◆ **Work required**: For the material below, return exactly the lines starting at the line containing "Courtside Classic Sneaker Off-White/Black" and ending at the line containing "رژ گونه اورجینال", both ends included, and no others.

◆ **Stored data**:

· · ·

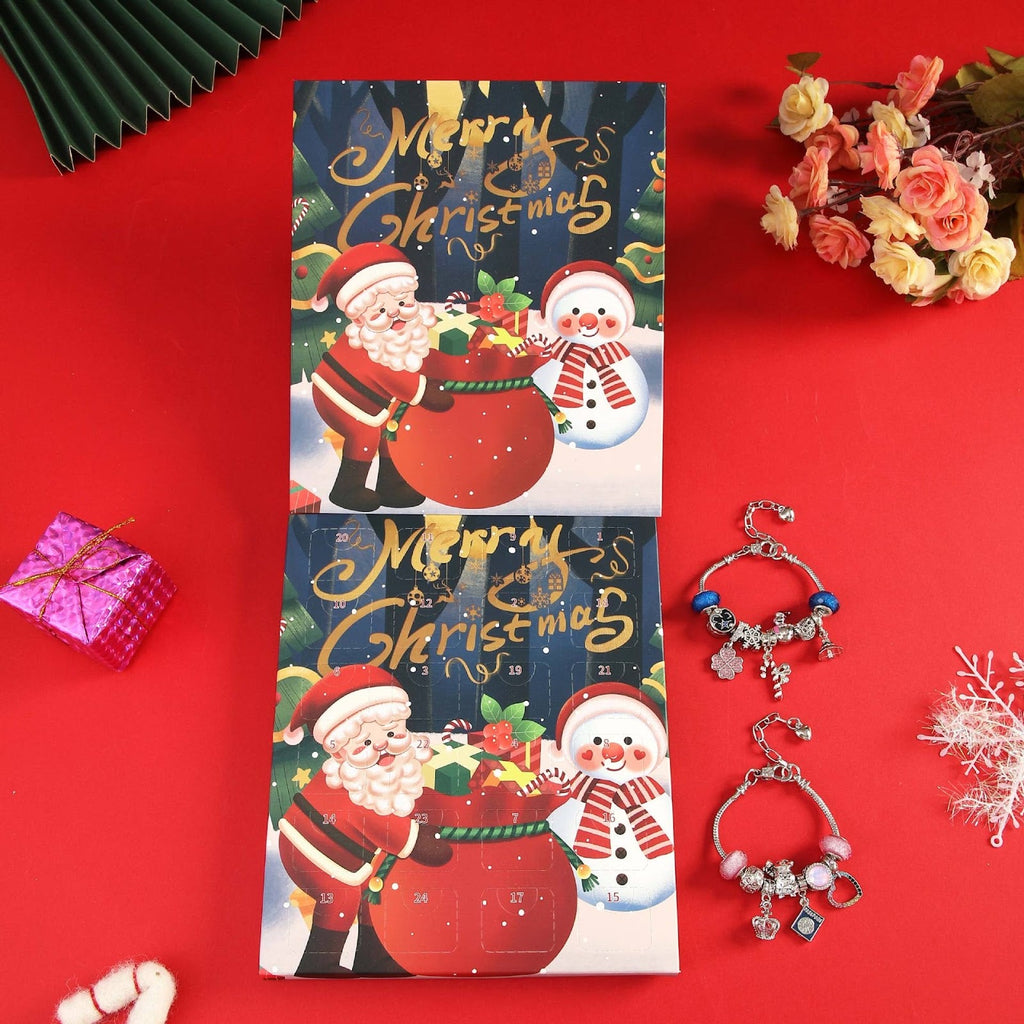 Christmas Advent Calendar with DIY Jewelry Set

· · ·

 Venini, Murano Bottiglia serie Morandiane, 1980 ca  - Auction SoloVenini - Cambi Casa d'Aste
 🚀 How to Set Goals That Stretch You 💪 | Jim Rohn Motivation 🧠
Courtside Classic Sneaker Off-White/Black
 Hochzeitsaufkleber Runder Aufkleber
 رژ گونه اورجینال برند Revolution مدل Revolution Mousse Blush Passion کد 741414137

· · ·

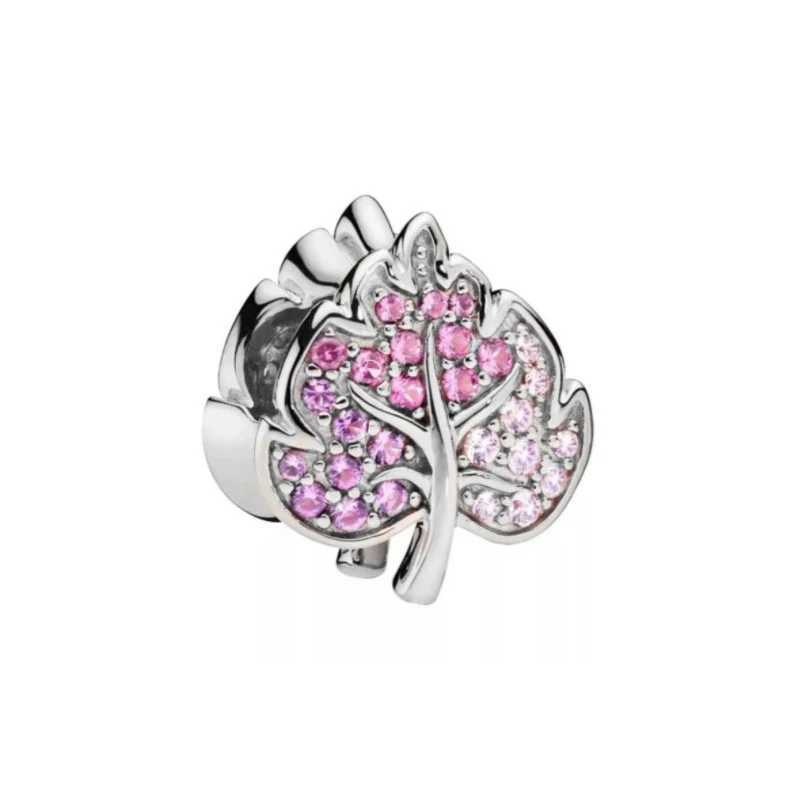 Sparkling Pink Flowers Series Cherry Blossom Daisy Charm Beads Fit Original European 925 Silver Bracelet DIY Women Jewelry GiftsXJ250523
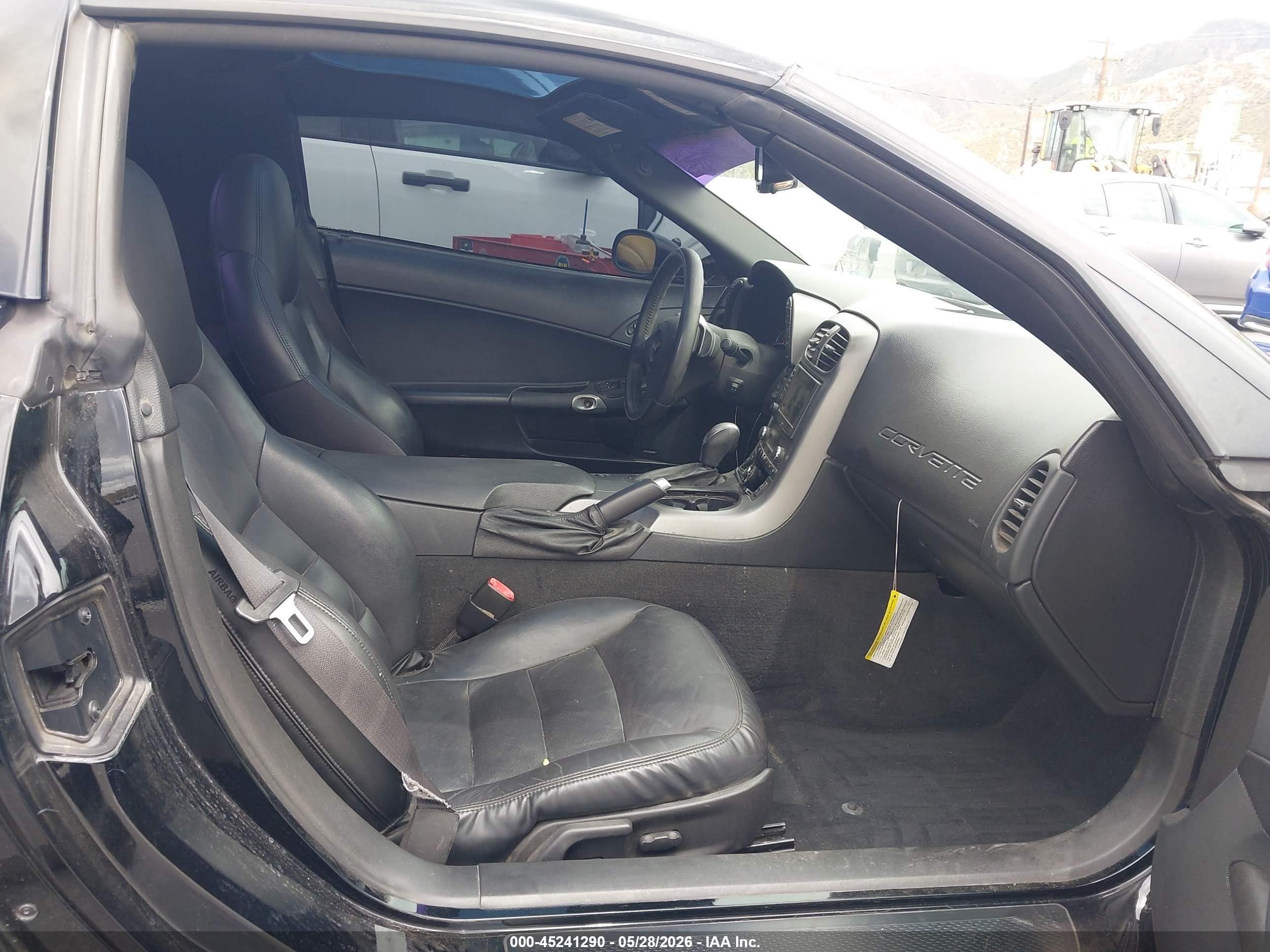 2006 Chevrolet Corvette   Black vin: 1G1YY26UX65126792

· · ·

◆ **Answer to the exercise**:
Courtside Classic Sneaker Off-White/Black
 Hochzeitsaufkleber Runder Aufkleber
 رژ گونه اورجینال برند Revolution مدل Revolution Mousse Blush Passion کد 741414137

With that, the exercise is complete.